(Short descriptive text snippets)
"""

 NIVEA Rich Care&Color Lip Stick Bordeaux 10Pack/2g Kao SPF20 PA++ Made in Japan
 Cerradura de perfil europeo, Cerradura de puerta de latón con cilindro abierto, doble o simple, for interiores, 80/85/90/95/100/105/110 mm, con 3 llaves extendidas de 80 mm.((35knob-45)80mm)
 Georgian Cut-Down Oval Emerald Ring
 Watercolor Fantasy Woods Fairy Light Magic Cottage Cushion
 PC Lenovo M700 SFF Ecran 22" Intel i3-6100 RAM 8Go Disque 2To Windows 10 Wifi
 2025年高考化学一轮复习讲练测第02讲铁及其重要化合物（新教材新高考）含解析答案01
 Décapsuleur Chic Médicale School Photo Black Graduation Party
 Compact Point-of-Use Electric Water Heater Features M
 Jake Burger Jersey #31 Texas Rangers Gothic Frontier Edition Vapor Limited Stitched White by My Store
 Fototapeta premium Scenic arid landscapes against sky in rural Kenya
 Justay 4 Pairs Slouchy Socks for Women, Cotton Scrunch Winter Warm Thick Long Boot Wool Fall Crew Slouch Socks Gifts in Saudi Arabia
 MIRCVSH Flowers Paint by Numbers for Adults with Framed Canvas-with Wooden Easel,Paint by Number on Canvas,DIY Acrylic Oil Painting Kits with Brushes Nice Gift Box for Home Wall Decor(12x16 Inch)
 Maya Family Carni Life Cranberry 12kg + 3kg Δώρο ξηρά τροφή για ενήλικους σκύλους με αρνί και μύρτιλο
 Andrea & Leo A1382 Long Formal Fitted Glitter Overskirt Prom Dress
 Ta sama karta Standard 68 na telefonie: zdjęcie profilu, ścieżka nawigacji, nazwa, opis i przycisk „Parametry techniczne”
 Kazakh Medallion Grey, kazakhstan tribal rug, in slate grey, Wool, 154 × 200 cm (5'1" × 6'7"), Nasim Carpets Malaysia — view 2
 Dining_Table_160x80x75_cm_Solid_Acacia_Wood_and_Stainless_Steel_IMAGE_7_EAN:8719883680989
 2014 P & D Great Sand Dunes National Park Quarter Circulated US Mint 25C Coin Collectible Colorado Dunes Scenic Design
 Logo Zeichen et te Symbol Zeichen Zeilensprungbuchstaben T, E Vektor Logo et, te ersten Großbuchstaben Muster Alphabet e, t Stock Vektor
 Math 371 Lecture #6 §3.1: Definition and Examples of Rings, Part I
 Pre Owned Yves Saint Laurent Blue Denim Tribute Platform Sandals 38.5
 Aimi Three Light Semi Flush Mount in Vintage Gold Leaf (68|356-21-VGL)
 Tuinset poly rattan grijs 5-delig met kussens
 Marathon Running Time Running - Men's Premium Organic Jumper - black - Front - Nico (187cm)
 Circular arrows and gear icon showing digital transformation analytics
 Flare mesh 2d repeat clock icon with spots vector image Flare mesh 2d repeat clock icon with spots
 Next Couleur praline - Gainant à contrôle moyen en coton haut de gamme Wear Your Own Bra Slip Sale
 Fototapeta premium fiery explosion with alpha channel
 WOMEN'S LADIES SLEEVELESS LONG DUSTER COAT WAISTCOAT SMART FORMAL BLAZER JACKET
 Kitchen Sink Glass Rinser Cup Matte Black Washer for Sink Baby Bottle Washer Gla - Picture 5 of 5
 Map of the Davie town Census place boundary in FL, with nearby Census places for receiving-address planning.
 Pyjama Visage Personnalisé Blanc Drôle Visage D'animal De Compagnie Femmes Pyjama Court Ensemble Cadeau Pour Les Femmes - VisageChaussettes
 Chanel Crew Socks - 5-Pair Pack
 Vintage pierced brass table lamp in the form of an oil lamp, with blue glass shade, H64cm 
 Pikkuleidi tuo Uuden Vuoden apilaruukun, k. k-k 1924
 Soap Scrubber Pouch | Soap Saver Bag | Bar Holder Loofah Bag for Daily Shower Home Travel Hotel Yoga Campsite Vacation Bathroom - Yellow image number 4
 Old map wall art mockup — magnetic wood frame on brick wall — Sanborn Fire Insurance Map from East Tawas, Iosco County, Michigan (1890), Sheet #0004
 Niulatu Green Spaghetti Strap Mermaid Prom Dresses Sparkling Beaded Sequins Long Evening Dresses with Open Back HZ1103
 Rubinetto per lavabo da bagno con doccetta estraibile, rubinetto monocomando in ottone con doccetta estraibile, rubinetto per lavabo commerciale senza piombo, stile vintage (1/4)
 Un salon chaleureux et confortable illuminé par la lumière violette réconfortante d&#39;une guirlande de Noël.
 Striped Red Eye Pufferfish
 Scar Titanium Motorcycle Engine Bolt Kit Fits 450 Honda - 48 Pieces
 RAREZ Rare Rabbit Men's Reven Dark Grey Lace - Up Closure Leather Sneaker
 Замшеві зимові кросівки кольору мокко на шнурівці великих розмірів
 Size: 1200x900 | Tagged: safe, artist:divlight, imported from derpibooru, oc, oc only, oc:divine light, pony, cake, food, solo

"""

Filter the records for lines containing the word "Home" and copy each one.

 MIRCVSH Flowers Paint by Numbers for Adults with Framed Canvas-with Wooden Easel,Paint by Number on Canvas,DIY Acrylic Oil Painting Kits with Brushes Nice Gift Box for Home Wall Decor(12x16 Inch)
 Soap Scrubber Pouch | Soap Saver Bag | Bar Holder Loofah Bag for Daily Shower Home Travel Hotel Yoga Campsite Vacation Bathroom - Yellow image number 4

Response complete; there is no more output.